- 1 pound dried pasta (we recommend small shells or elbow macaroni)
- Scant 4 cups water
- 4 tablespoons butter, cut into chunks
- 2 teaspoons ground mustard
- 2 teaspoons salt
- 1 teaspoon garlic powder
- 1/2 teaspoon onion powder or minced dried onion
- 4 ounces cream cheese, cut into cubes
- 1 cup milk or half-and-half
- 4 cups (12 to 16 ounces) shredded Roth Havarti cheese (we used a blend of Original, Jalapeño, Horseradish and Chipotle)
- Fresh parsley, for garnish
- Add dry pasta, water, butter, ground mustard, salt, garlic powder and onion powder to the bowl of the Instant Pot. Secure the lid.
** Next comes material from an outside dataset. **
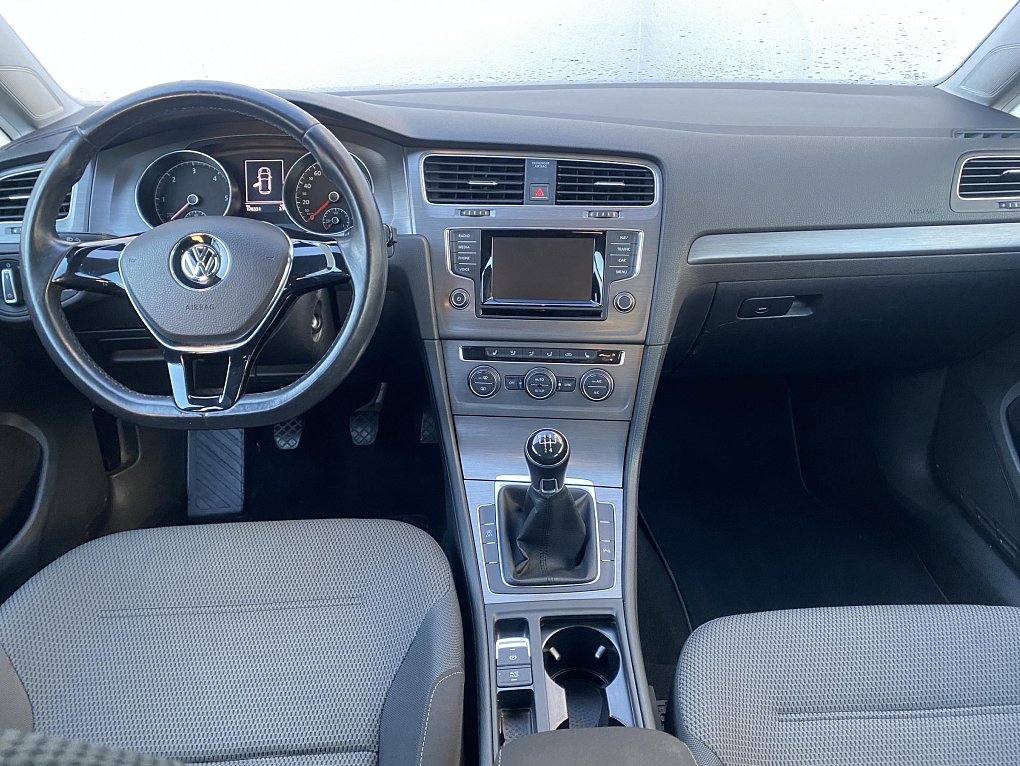 Volkswagen Golf 1.6 TDi Comfortline VII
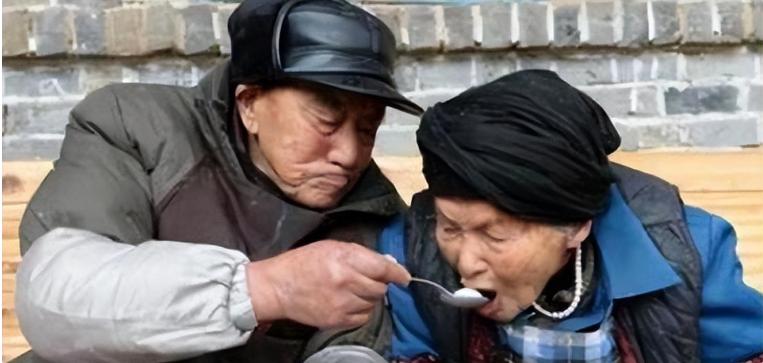 在风雨如晦的战争年代，命运的残酷常常让人猝不及防。一场战火足以让两个相爱的人天各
- Set timer for 4 minutes on HIGH pressure. Ensure valve is set to SEALING. It can take up to 10 minutes for the Instant Pot to come to pressure.
- Release the pressure by flipping the valve to VENTING. Let pressure release for at least 2 to 3 minutes until no more steam is coming out.
- Open the lid, and add cream cheese and milk. Stir until melted and combined. Add Havarti cheese one handful at a time, stirring between each addition to ensure cheese is melted and consistency is creamy. Mac and cheese will thicken upon standing. Serve immediately.